В 1868 году было разрешено заключать браки вне зависимости от религиозной и национальной принадлежности. Разрешили и разводы.
Развивалась система образования, открывались начальные школы с обучением на национальных языках, но с обязательным изучением немецкого или венгерского. Интересное положение сложилось и в имперской армии: из национальных полков славянских было больше всего (35 из 102), австрийских и венгерских имелось по 12, румынских — 2, в остальных полках состав был смешанный.
Если в полку представители одной национальности составляли более 20 процентов личного состава, то их язык признавался языком полка и его знание становилось обязательным для всех остальных. При этом командным языком оставался немецкий. А вот среди офицеров преобладали австрийцы и венгры, затем шли хорваты, чехи и поляки. Сербов, словаков, русинов почти не было.

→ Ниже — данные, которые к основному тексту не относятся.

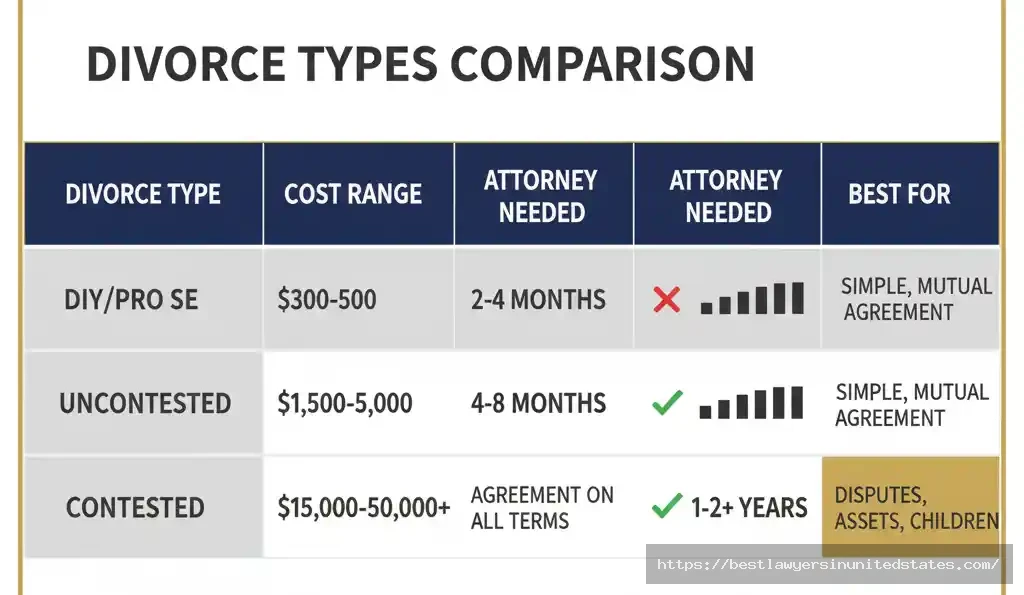 Georgia divorce types cost comparison table 2025 - uncontested, contested, DIY, and mediated divorce expenses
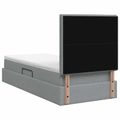 vidaXL LED úložná posteľ s matracom Svetlosivá 100 x 200 cm Látka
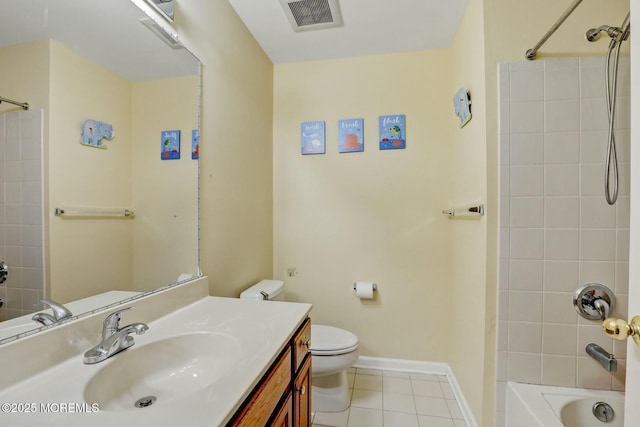 full bath featuring visible vents, toilet, shower / tub combination, tile patterned floors, and vanity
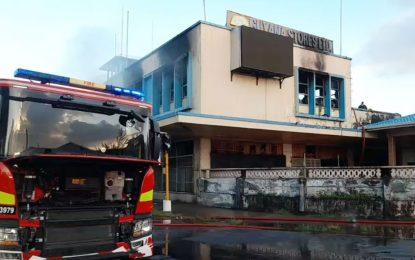 Fire destroys section of Guyana Stores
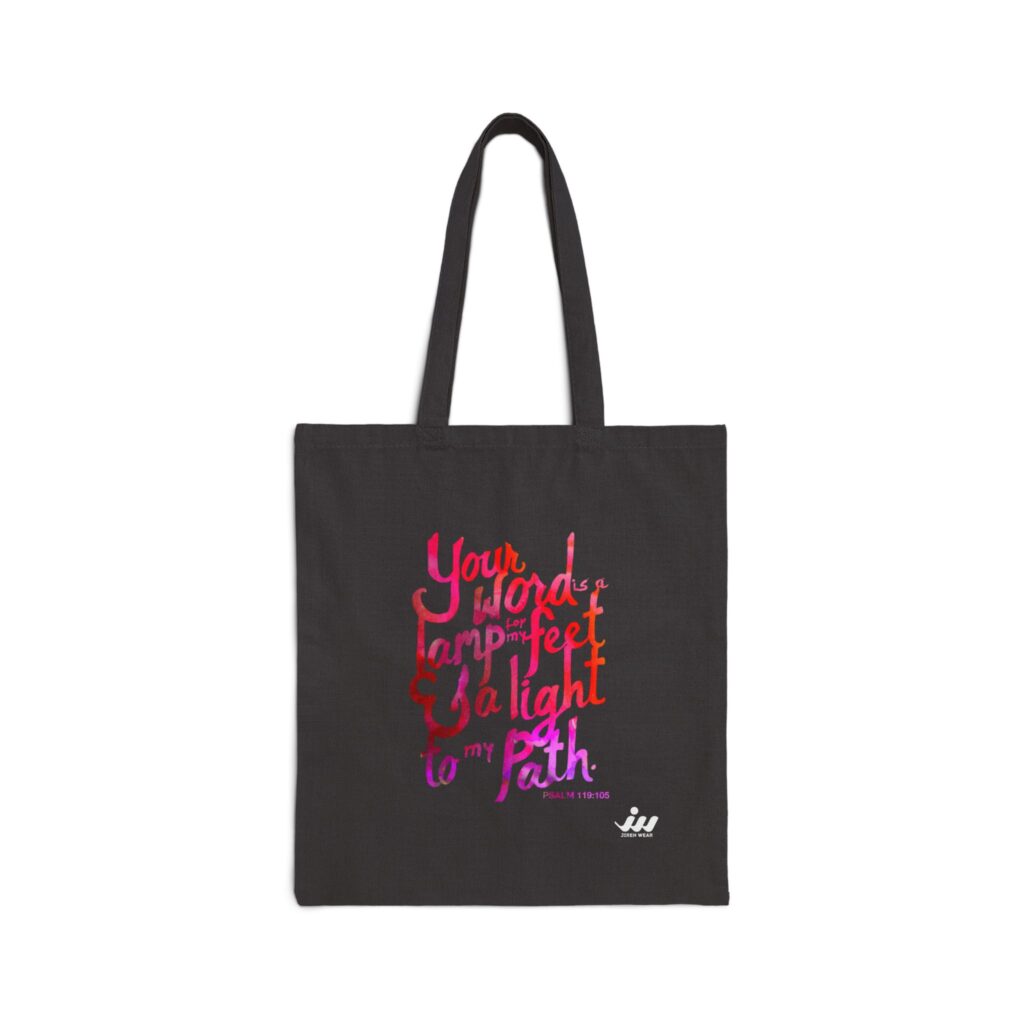 inspirational scripture tote bag — "your word is a lamp" cotton canvas shopper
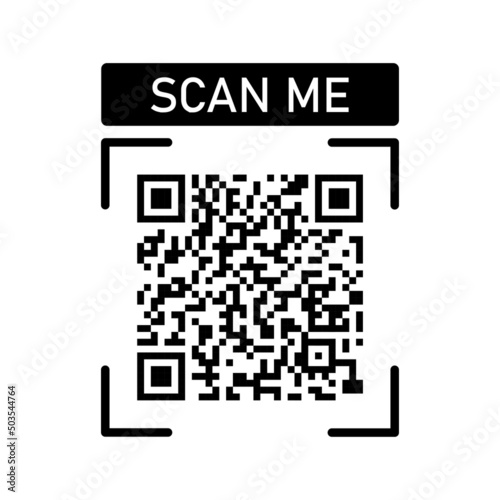 Scan me icon with Qr code for smartphone isolated on white background. Qr code for payment, advertising, mobile app vector illustration.
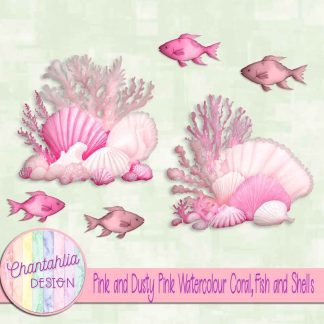 Free pink and dusty pink watercolour coral fish and shells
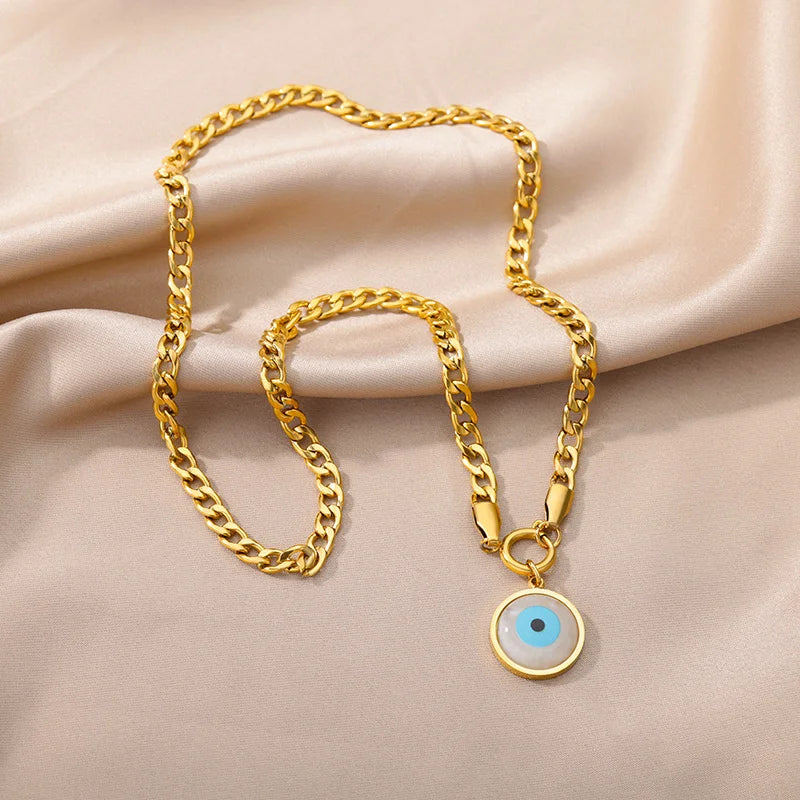 Devil's Eye Pendant Stainless Steel 18K Gold Plated Zirconia Necklace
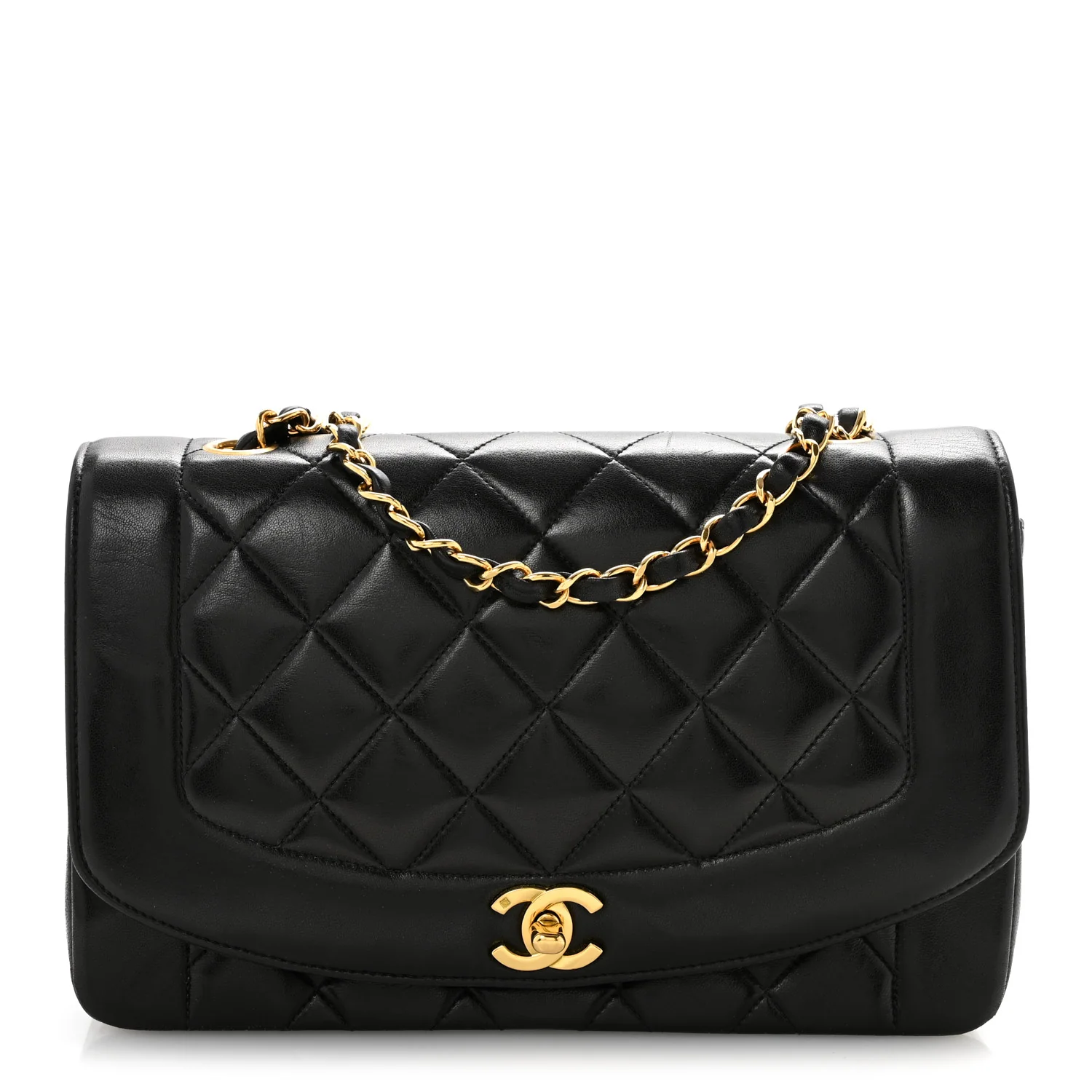 Lambskin Quilted Medium Single Flap Black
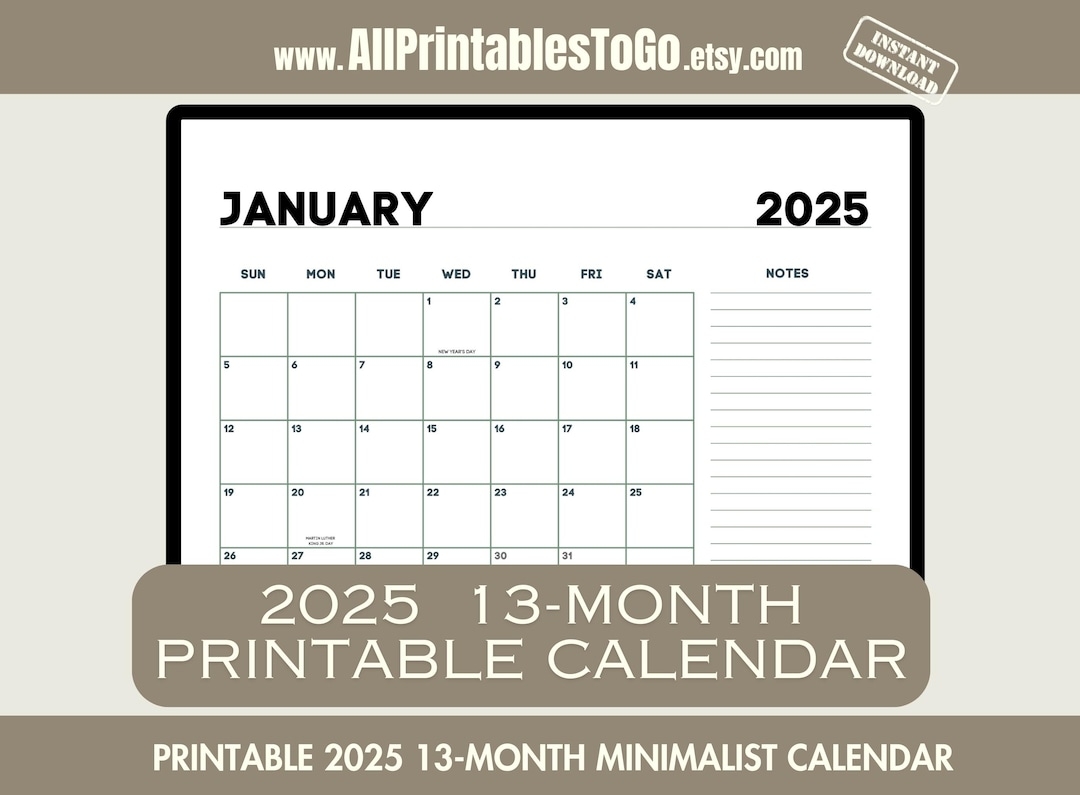 Printable 2025 Monthly Calendar With Side Notes Section Minimalist 13 month Landscape Calendar Monday And Sunday Weeks US Letter U0026 A4 Etsy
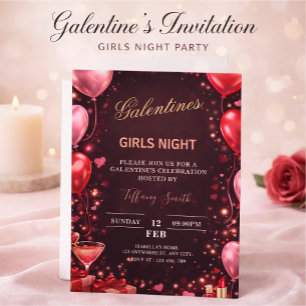 to a girl's night out on Valentine's Day Invitation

Особенность империи заключалась еще и в том, что различные ее части управлялись по-разному. В 1907 году в австрийских землях (Цислейтании) начало действовать всеобщее избирательное право, а в венгерской части двуединой монархии (Транслейтании) сохранялся имущественный ценз, из-за которого право голоса имело всего лишь семь процентов населения.
В венгерских землях намного сильнее было стремление «унифицировать» граждан — их всех объявили принадлежащими к «неделимой венгерской нации». Венгерский считался единственным административным языком даже в абсолютно невенгерских областях. На государственную службу принимали только тех, кто знал его на очень хорошем уровне. Другими словами, дня большинства невенгров она была недоступна.
Наконец, примерно пяти тысячам землевладельцам, включая императора, принадлежало около 90 процентов пахотных земель «Дунайской монархии», остальными десятью процентами владели около двух миллионов крестьянских хозяйств, а у многих крестьян земли не было вообще — они нанимались батраками или отправлялись попытать счастья в Америку, Аргентину или даже Австралию. За последние 40 лет существования империи из нее уехало более трех миллионов человек.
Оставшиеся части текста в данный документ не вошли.